Over time, the pain dulled. The tears slowly turned to smiles and happy memories replaced the last moments that played on repeat in my head. I came to know Christ, grow my faith, and surrounded myself with Christ-centered people. I accepted that I had a sky full of angels watching over me. The wounds that once felt so raw and open had gradually healed with the balm of Christ. I knew where my grandfathers were, and now, I know with confidence where my grandmother is.

My Grandma Nan was such a unique woman. We always knew that she was there. She was like the anchor of our family, our security. She never held a grudge and she loved with everything she had, and I believe that with every bone in my body. I never questioned if she loved me or if she was proud of me. I never thought about that, I didn't have to. She always made that known. My grandma had been through so much in her life that somewhere along the line, I naively assumed she was indestructible. I think all of my family had thought that. She was a strong woman that overcame many obstacles and fought through incredible challenges. Yet, through it all, she never crumbled and her faith never wavered.
My grandma held her faith very close to her heart -- closer than any of us knew.

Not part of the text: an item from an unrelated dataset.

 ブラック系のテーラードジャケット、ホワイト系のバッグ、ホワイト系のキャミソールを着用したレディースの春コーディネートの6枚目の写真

She read her Bible, said her prayers, and believed that Jesus was her Savior. She was quiet about her faith, but she understood and loved Scripture. For that alone, I know she is dancing in the sky with Him. One of my last conversations with her happened to be on Easter Sunday, the last time I saw her, and we talked about the miracle of the Resurrection. I noticed that her eyes lit up that day as we celebrated the triumphant rising of Jesus. I look back now and wonder, maybe... just maybe, she had an inkling that she would be meeting Him just a couple of weeks later.
I consider myself extremely blessed for the memories that I have with her. I know that I am immeasurably blessed with special memories with all of my incredible grandparents. Not many people are privileged to know, love and have a bond with all four of their grandparents, but all glory to Him above for giving me that opportunity. In the last day or so, I've found myself in between laughter, gratitude, and tears remembering our times together. Two of my favorite memories were our after school lunch dates. When my grandma picked me up from school as a child, it was right around lunch time and we would always grab a special treat at McDonald's or Burger King. We both loved their french fries! :) She also had a huge pear tree in her yard, and every time I would go over her house, we would go and pick the juiciest, freshest pears and eat them until we were stuffed silly. Oh, how I wish I could go back in time to relieve those moments, or I wish I had just one more day to say everything that is still in my heart.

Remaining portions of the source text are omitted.